**Data excerpt:**
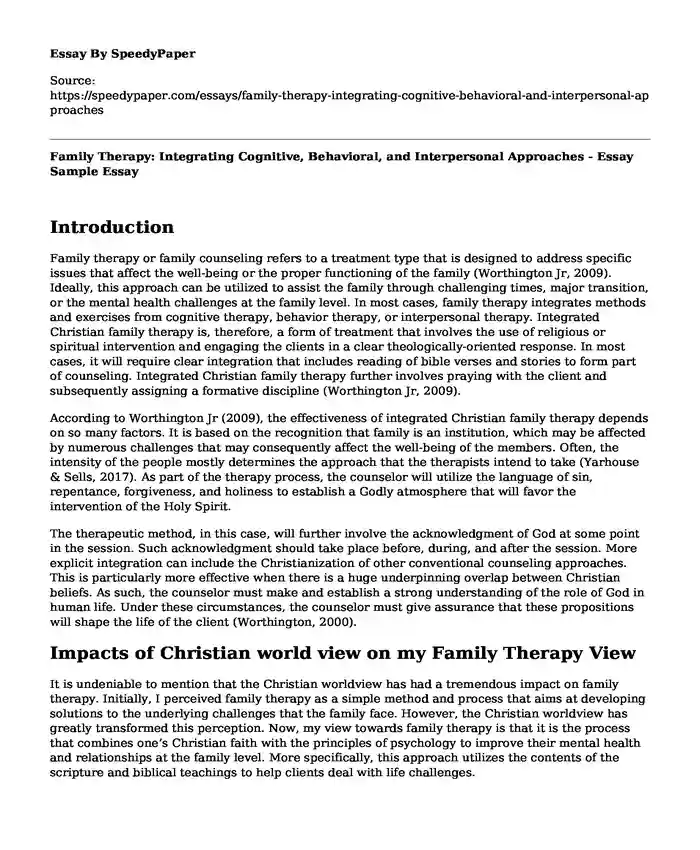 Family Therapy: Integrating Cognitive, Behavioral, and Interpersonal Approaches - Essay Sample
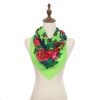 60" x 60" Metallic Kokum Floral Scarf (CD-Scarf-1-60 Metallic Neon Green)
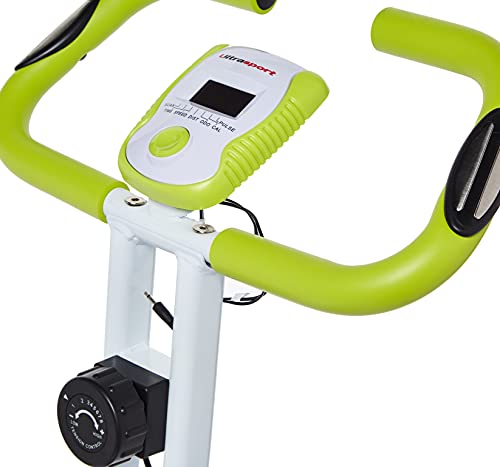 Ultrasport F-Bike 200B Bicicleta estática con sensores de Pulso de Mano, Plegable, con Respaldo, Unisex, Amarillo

**Task statement:**
Only the words belong in your copy: restate the data above exactly and leave the images out.

**Your response:**
 Family Therapy: Integrating Cognitive, Behavioral, and Interpersonal Approaches - Essay Sample
 60" x 60" Metallic Kokum Floral Scarf (CD-Scarf-1-60 Metallic Neon Green)
 Ultrasport F-Bike 200B Bicicleta estática con sensores de Pulso de Mano, Plegable, con Respaldo, Unisex, Amarillo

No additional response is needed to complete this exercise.